Top of Data extracts

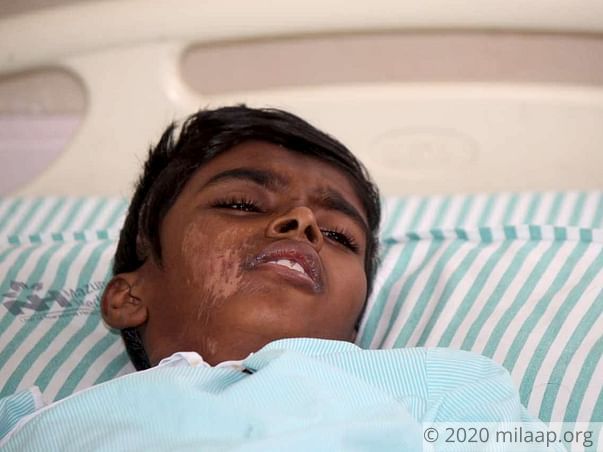 Help this 13-year-old who is critical after an accidental fall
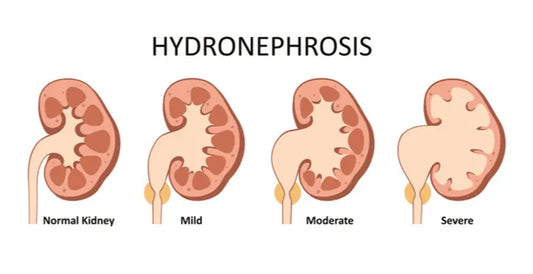 Hydronephrosis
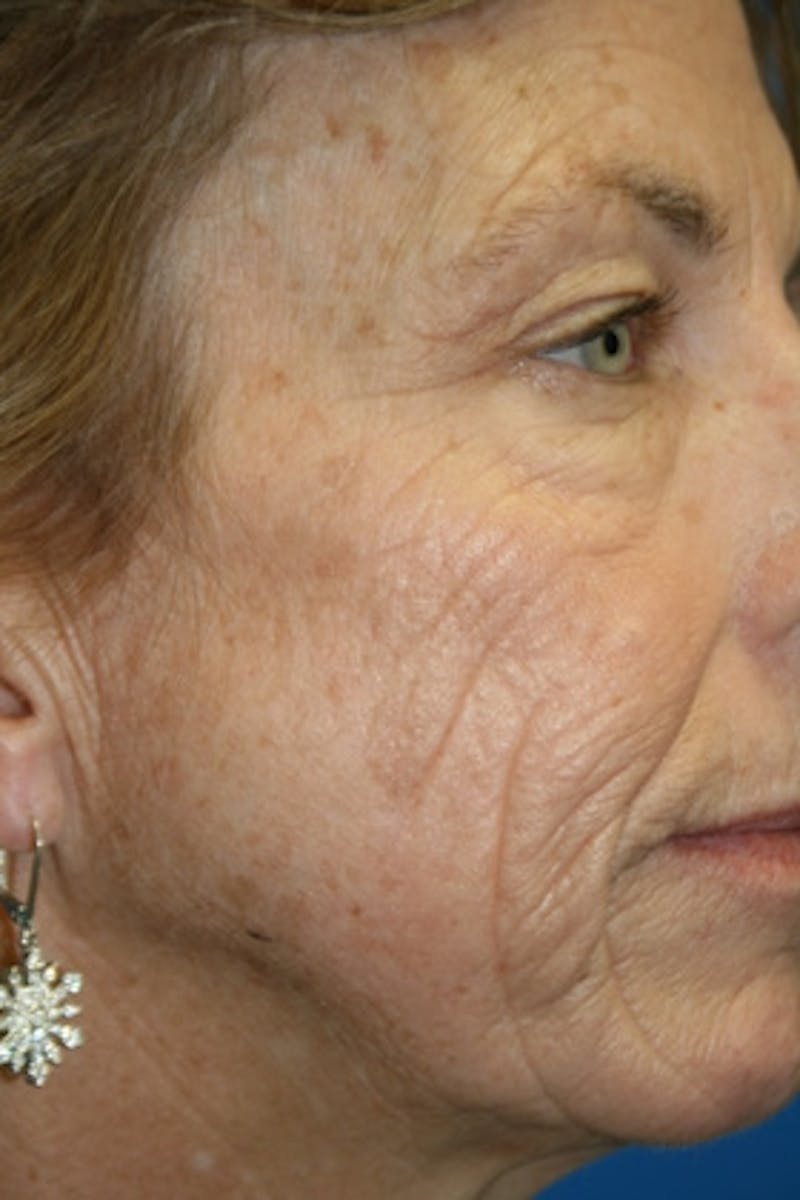 Laser Skin Resurfacing Before & After Gallery - Patient 372191 - Image 1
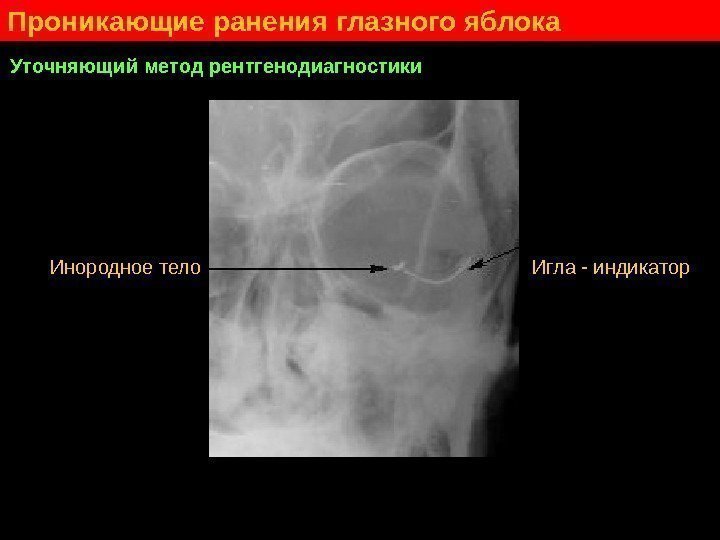   Проникающие ранения глазного яблока Уточняющий метод рентгенодиагностики Инородное тело Игла - индикатор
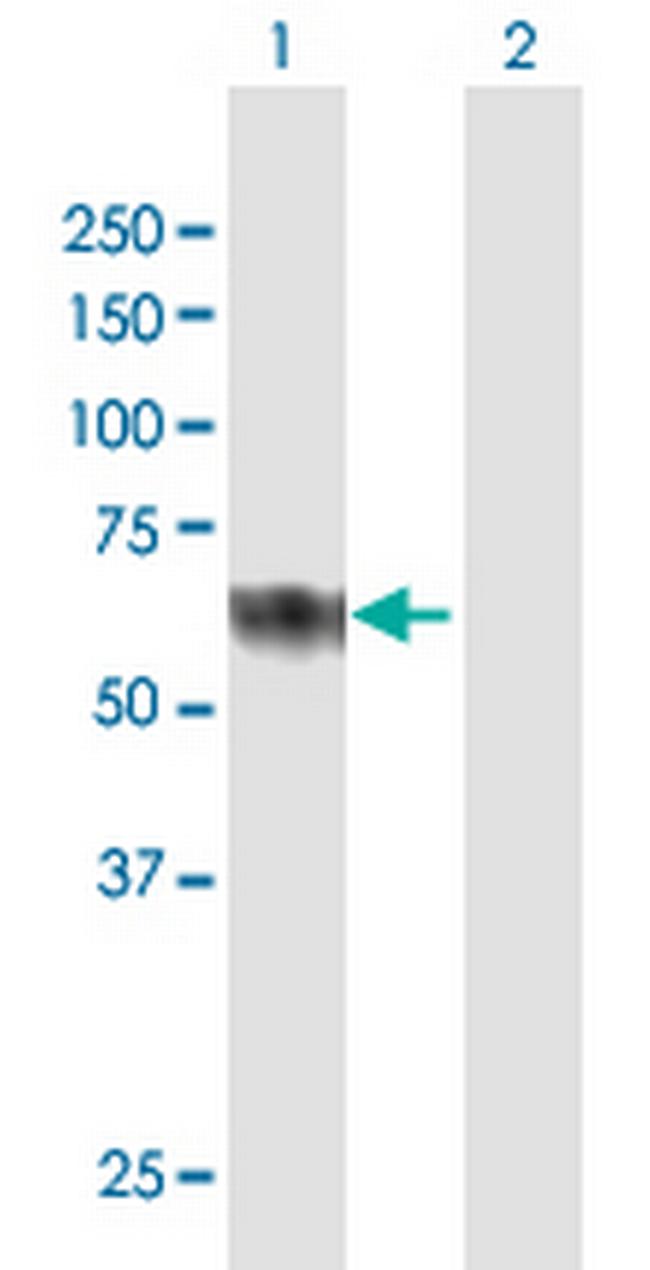 CLUL1 Antibody in Western Blot (WB)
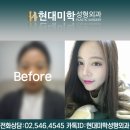 바로여다 이미지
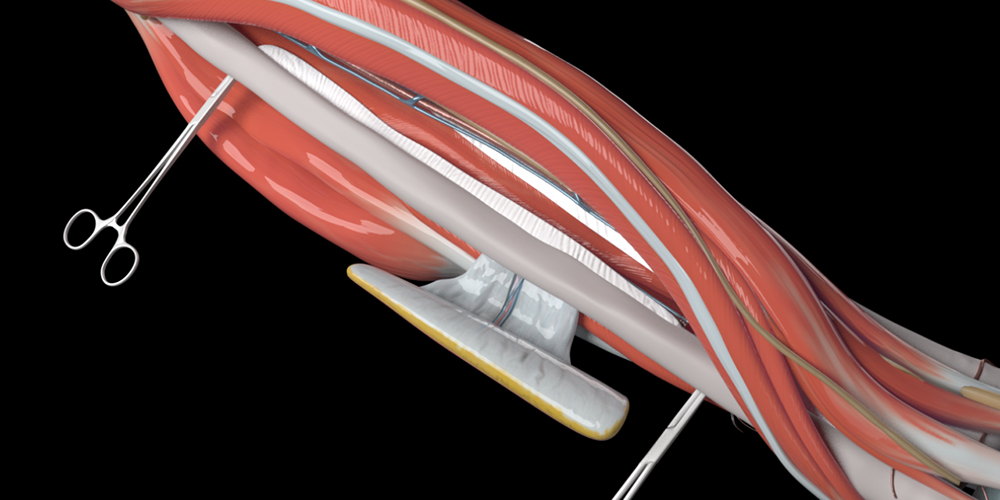 TVASurg Process: 3D Rendering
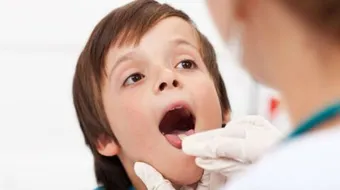 علاج بحة الصوت بسرعة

Bottom of Data extracts

**Problem requirements**
Repeat every line above precisely; pictures do not belong in the copy.

**Written answer**
 Help this 13-year-old who is critical after an accidental fall
 Hydronephrosis
 Laser Skin Resurfacing Before & After Gallery - Patient 372191 - Image 1
   Проникающие ранения глазного яблока Уточняющий метод рентгенодиагностики Инородное тело Игла - индикатор
 CLUL1 Antibody in Western Blot (WB)
 바로여다 이미지
 TVASurg Process: 3D Rendering
 علاج بحة الصوت بسرعة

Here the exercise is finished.